WF10, intended for use as adjunctive treatment, is a chemically stabilized chloride matrix called tetrachlorodecaoxygen (TDCO). Studies to date suggest that WF10, administered intravenously, is safe in patients with HIV and that it may be especially useful in moderate to advanced AIDS. By promoting phagocytosis and reducing macrophage production of TNF-alpha, WF10 may slow AIDS progression and reduce the likelihood of opportunistic infections.

Based on phase II trials by Immune Response Corporation, Remune (HIV-1 immunogen) is a promising adjunctive therapy using inactivated virus to restore HIV-specific immune responses, with positive effects on viral load and on counts of CD4 helper T lymphocytes.

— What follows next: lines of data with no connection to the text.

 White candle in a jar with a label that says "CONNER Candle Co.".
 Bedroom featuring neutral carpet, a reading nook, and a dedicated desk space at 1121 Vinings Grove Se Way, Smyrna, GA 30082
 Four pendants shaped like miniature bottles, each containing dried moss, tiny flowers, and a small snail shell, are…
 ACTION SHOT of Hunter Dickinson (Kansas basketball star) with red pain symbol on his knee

Vaccines designed to prevent AIDS rather than to slow its progression are AIDSVAX B/B and AIDSVAX B/E, both in phase III development by VaxGen. An alternate approach to prevention is the spermicidal microbicide BufferGel (polyacrylic acid), in phase III development by ReProtect.
By reducing the alkalinity of semen, this product tends to kill sperm and to inactivate pathogens including HIV, HPV, herpes, syphilis and gonorrhea. Data on the anti-HIV activity of BufferGel are expected in 2005.

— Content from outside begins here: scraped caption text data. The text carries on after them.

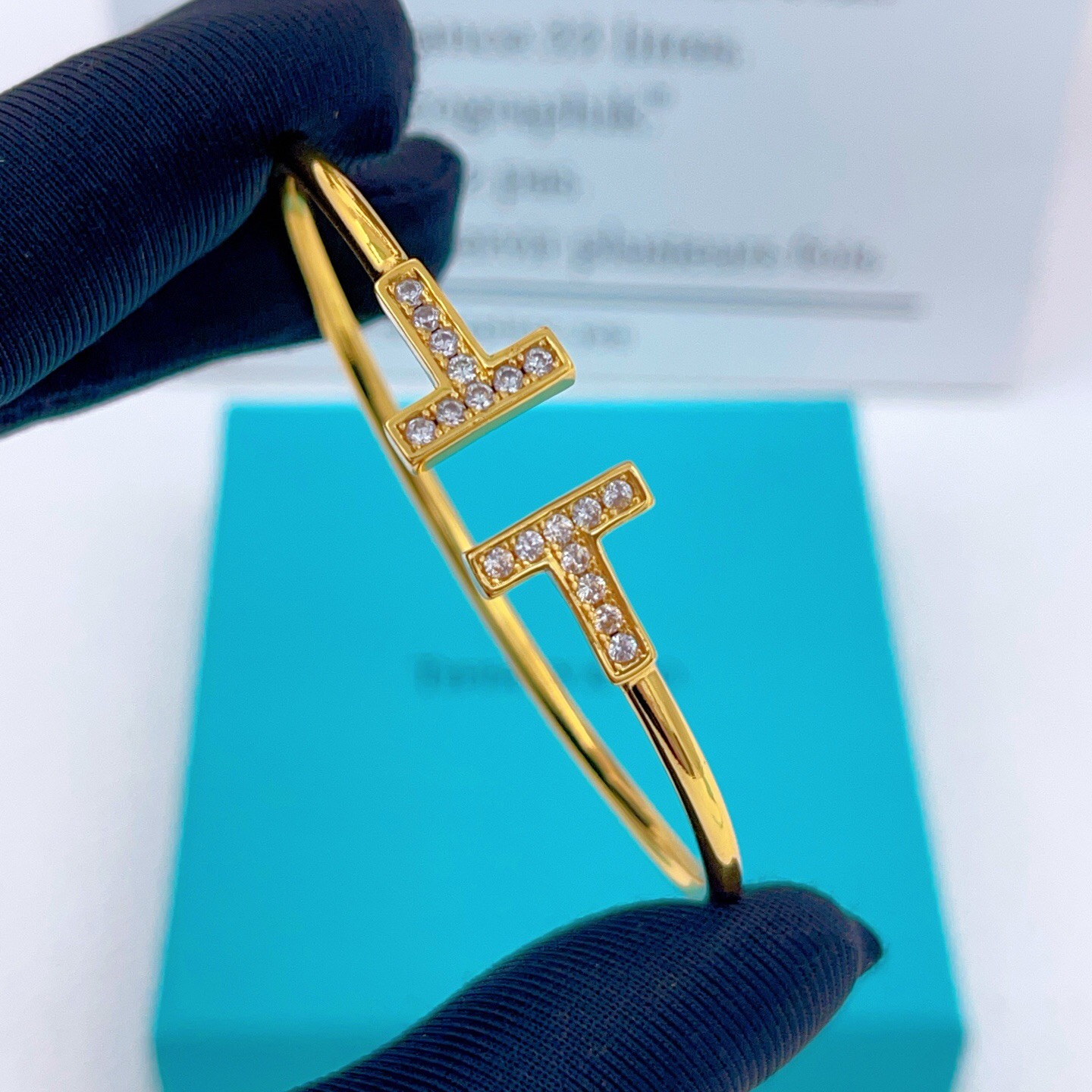 Tiffany Co T Wire bracelet gold metal with clear diamond accents 17cm inner circumference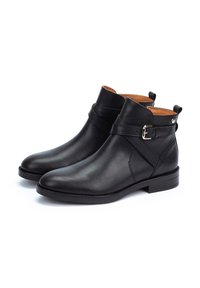 Bottes noires en cuir à la cheville avec une finition lisse, avec un accent en boucle, bout rond et petit talon empilé. Doublure intérieure beige.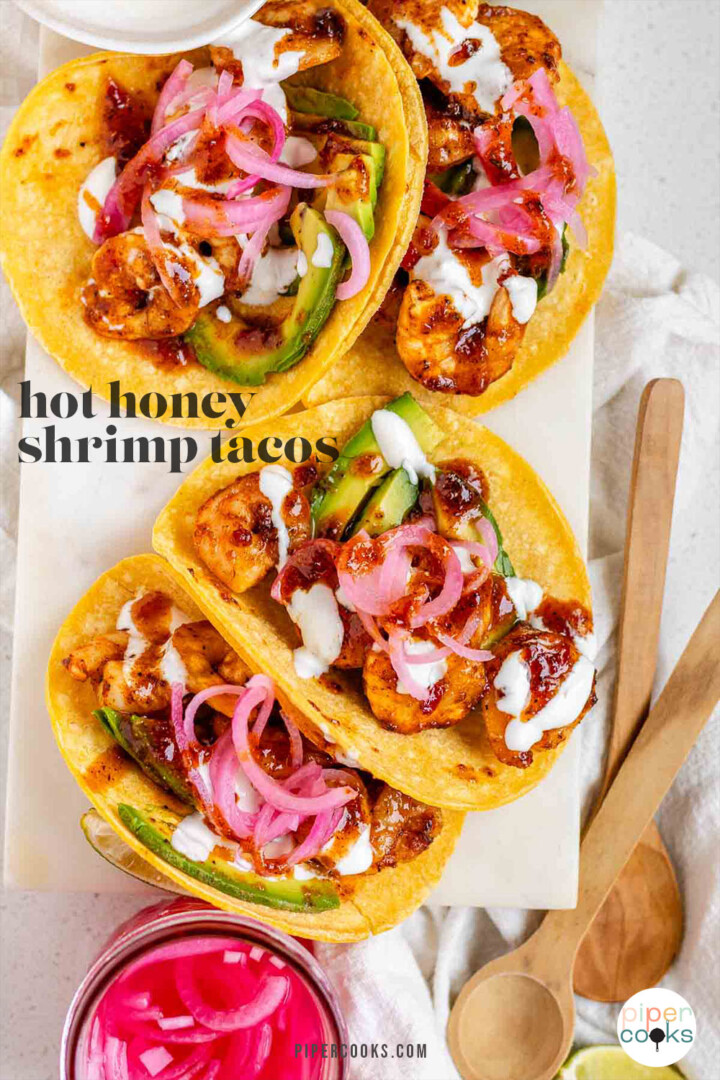 Hot honey Cajun shrimp tacos on a white platter with garlic lime crema and pickled onions with the text hot honey shrimp tacos.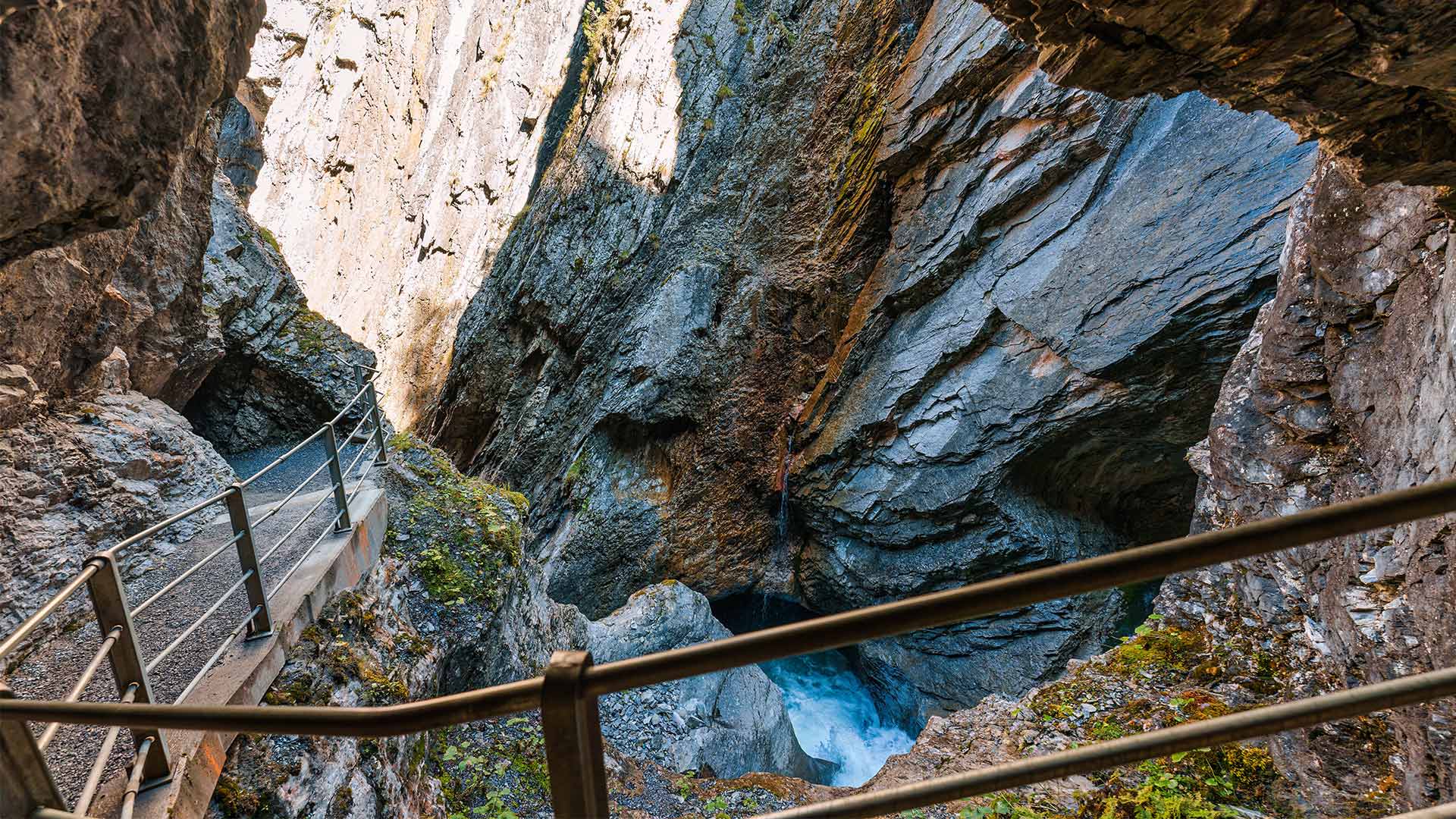 Natural limestone cave in Rosenlaui Glacier Gorge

Complications of AIDS include lipodystrophy syndrome associated with HAART, for which Ark Therapeutics is in phase II testing of EG005, a drug that reduces cellular levels of Angiotensin II and thereby increases mitochondrial efficiency. Drugs targeting AIDS-related dementia for which phase II testing is completed include CPI-1189 from Centaur Pharmaceuticals and memantine from Forest Laboratories.

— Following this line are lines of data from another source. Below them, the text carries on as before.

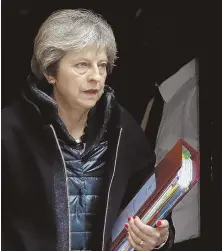  ?? AP PHOTO ?? RETALIATIO­N: British Prime Minister Theresa May, seen yesterday leaving her official 10 Downing St. residence in London, has expelled 23 Russian diplomats from the U.K. over the nerve agent attack on a former spy.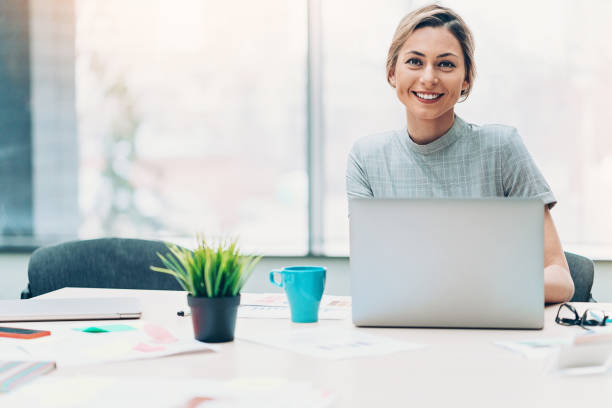 Leading with a smile Beautiful businesswoman sitting in her office, with copy space women satisfaction decisions cheerful stock pictures, royalty-free photos & images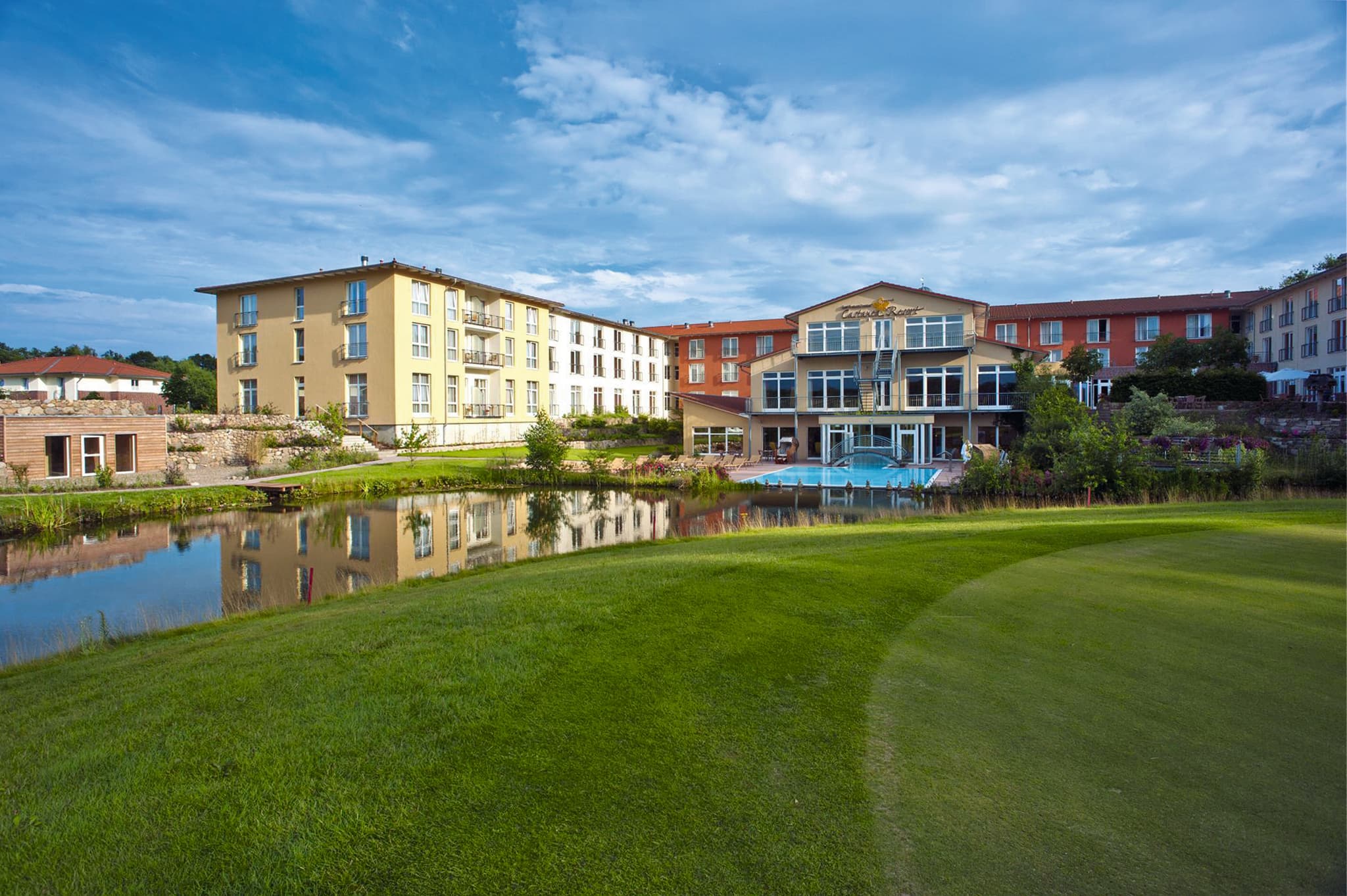 Außenansicht des Castanea Resorts mit großem Golfplatz, Teich und Poolanlage an einem sonnigen Tag.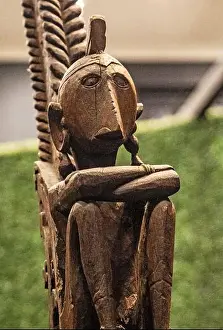 Cultural Representation Prints: Wooden tribal sculpture with intricate carvings
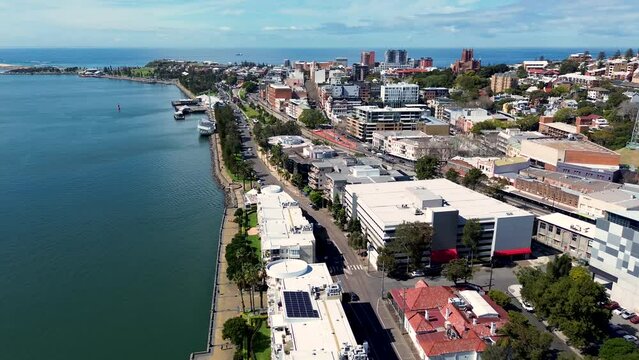 Drone aerial CBD city Newcastle Harbour Honeysuckle wharf Nobby's beach building Hunter River architecture NSW Australia 4K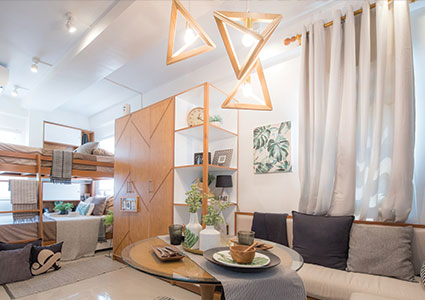 Modern living space with a beige sofa, black and gray cushions, round glass coffee table, wooden shelves, bunk beds, and triangular pendant lights.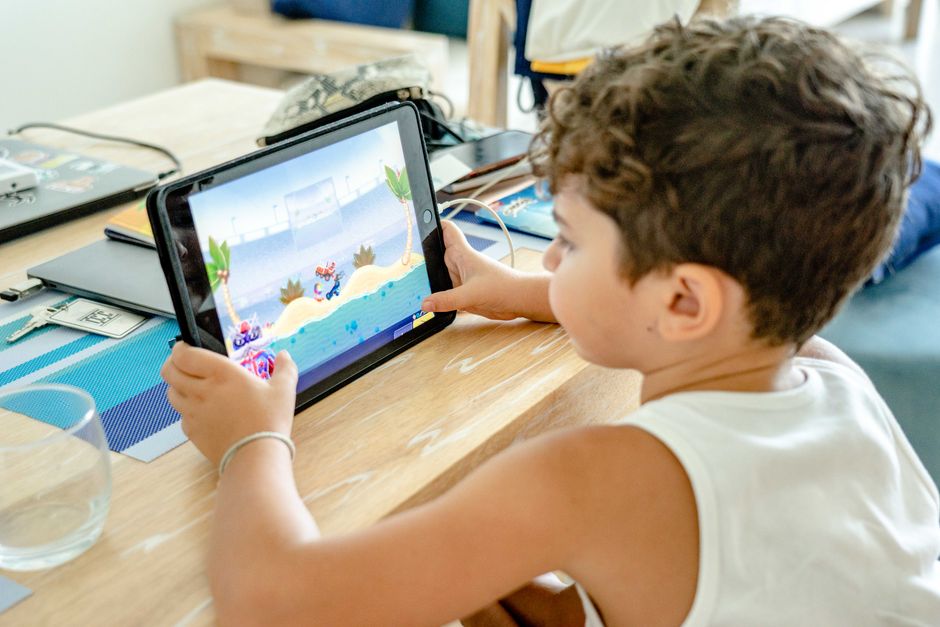 Two children, a boy and a girl, sitting together and focused on a tablet displaying a game with French text elements, suggesting language learning through play.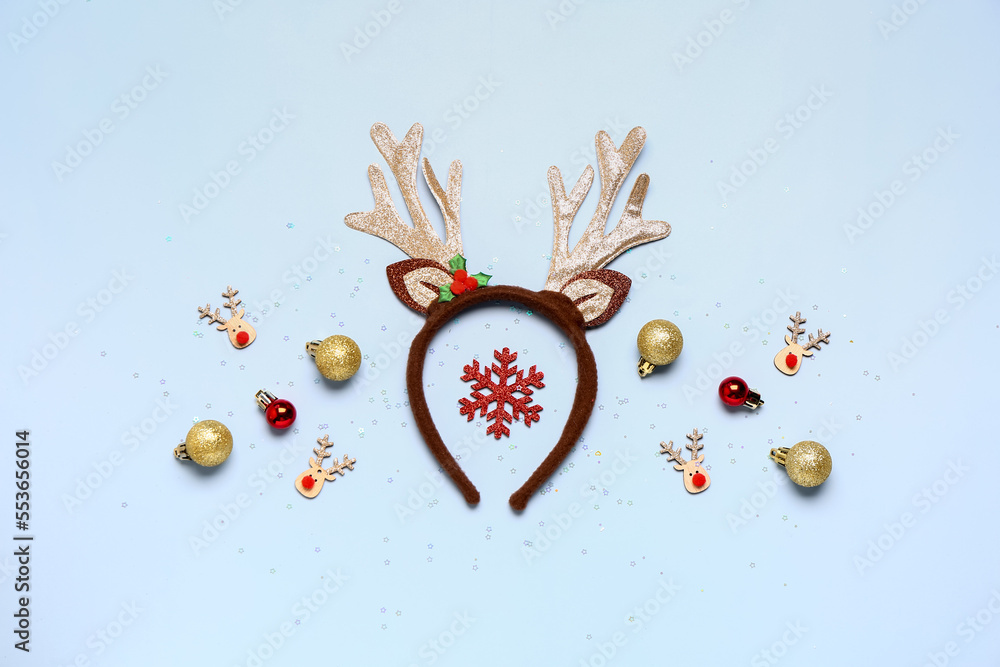 Composition with Christmas reindeer horns and beautiful decorations on light blue background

CPI-1189, an oral drug that potentially inhibits neuroinflammation, has safely produced statistically and clinically significant cognitive improvements in AIDS dementia in double-blind, placebo-controlled clinical studies lasting five months. Memantine, which modulates N-methyl-D-aspartate (NMDA) receptor activity, has been used to treat other types of dementia, with rapid and lasting improvement in cognitive, psychological, social and motor impairments. Animal models including transgenic mice suggest the applicability of this drug to AIDS dementia, for which clinical trials are ongoing.

Although significant progress in available antiretroviral therapy has reduced the number of AIDS deaths, drugs identified in this pipeline should continue to improve the outlook for AIDS patients. New antiretroviral drugs may improve tolerability and compliance while reducing HIV resistance; fusion proteins prevent HIV entry into the cell; and immune modulators work synergistically to reduce viral load. For patients with chronic infection, drugs in development may reduce chronic complications such as lipodystrophy and dementia. The ultimate goal is prevention, whether through vaccination or topical microbicide, for those individuals at high risk.